(Stored dataset items)
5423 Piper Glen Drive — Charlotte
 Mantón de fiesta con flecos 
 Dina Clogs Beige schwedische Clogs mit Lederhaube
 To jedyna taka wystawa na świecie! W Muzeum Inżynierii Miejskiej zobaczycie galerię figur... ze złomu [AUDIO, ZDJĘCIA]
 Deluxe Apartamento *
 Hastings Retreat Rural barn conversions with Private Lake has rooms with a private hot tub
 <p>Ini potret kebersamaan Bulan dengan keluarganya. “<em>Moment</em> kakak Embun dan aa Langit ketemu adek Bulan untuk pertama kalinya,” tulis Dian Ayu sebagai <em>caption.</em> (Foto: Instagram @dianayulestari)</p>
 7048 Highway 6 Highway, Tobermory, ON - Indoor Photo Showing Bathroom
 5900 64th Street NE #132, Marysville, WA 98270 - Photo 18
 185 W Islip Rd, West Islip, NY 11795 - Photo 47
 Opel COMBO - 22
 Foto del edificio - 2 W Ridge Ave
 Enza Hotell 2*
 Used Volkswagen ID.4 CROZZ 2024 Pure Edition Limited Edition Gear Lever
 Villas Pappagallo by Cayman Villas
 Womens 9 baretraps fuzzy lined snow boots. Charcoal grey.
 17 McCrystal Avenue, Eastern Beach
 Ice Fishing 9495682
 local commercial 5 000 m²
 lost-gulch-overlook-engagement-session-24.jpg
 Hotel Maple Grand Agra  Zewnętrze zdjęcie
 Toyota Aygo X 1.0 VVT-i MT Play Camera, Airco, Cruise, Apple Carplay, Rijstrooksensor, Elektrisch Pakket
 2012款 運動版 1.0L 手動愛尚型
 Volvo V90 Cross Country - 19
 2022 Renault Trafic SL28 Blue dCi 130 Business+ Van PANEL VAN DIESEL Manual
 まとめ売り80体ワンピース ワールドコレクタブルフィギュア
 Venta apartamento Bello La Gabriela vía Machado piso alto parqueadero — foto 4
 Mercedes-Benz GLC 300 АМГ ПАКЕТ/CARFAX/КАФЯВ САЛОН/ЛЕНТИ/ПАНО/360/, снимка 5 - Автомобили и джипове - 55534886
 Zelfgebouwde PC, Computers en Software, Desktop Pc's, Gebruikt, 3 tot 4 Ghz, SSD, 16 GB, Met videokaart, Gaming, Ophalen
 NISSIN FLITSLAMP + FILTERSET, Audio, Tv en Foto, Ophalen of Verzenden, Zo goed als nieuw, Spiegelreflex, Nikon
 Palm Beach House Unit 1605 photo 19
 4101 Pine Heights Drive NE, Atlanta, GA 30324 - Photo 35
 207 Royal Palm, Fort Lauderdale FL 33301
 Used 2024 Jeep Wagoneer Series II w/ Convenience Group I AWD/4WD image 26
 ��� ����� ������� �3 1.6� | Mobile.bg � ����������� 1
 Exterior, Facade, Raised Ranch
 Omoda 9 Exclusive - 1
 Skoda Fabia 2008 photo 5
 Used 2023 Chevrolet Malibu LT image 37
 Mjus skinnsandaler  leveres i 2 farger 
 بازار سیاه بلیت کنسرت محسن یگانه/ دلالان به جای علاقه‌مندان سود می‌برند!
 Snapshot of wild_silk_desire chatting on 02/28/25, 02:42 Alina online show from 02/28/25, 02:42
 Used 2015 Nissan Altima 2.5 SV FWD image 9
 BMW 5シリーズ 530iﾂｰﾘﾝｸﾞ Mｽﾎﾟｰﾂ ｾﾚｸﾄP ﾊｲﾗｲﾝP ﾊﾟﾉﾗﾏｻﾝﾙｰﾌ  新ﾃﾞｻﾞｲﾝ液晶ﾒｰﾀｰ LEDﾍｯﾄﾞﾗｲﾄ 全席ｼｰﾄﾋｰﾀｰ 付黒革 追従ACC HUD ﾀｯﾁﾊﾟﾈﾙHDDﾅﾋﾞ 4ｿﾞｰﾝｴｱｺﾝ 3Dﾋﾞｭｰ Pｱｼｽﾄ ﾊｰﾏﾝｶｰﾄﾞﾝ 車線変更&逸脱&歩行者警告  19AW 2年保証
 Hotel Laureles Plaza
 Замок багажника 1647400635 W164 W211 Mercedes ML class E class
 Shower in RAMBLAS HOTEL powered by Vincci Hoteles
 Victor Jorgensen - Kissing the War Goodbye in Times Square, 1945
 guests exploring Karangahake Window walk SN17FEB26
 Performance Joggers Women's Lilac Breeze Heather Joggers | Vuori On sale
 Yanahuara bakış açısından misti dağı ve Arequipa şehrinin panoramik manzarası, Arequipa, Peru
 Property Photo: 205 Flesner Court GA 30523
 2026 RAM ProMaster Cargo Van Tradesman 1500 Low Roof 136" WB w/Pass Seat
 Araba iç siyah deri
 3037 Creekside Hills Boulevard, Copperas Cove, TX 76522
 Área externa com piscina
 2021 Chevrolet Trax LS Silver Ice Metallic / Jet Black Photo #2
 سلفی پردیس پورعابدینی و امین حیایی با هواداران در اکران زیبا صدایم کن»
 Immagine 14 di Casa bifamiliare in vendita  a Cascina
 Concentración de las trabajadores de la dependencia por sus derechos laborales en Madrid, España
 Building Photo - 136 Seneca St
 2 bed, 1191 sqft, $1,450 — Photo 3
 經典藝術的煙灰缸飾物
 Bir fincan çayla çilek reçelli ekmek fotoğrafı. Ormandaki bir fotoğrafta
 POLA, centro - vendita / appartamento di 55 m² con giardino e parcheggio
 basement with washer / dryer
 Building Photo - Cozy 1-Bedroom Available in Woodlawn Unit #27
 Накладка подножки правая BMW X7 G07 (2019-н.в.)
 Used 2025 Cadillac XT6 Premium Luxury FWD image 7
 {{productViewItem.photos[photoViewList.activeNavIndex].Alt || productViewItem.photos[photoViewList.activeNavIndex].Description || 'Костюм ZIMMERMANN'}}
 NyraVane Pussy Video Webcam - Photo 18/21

> **EXERCISE AIM**: If a line of the entries holds the word "image", copy it out.

> **TASK OUTPUT**:
 Used 2024 Jeep Wagoneer Series II w/ Convenience Group I AWD/4WD image 26
 Used 2023 Chevrolet Malibu LT image 37
 Used 2015 Nissan Altima 2.5 SV FWD image 9
 Used 2025 Cadillac XT6 Premium Luxury FWD image 7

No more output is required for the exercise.